Exercise brief => The lines from the start of the data up to and including the one with "Juego de tazas" should be returned exactly, and nothing else.

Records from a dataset
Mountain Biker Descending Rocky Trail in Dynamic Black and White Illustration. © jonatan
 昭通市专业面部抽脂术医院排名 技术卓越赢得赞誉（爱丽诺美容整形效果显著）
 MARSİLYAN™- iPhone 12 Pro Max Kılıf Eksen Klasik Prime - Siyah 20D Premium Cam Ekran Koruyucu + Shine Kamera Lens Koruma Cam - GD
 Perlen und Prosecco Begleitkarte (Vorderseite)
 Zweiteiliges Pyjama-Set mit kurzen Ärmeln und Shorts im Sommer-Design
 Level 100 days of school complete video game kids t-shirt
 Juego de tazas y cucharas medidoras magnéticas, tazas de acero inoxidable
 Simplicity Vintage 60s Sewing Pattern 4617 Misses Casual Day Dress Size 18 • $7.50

Completed exercise =>
Mountain Biker Descending Rocky Trail in Dynamic Black and White Illustration. © jonatan
 昭通市专业面部抽脂术医院排名 技术卓越赢得赞誉（爱丽诺美容整形效果显著）
 MARSİLYAN™- iPhone 12 Pro Max Kılıf Eksen Klasik Prime - Siyah 20D Premium Cam Ekran Koruyucu + Shine Kamera Lens Koruma Cam - GD
 Perlen und Prosecco Begleitkarte (Vorderseite)
 Zweiteiliges Pyjama-Set mit kurzen Ärmeln und Shorts im Sommer-Design
 Level 100 days of school complete video game kids t-shirt
 Juego de tazas y cucharas medidoras magnéticas, tazas de acero inoxidable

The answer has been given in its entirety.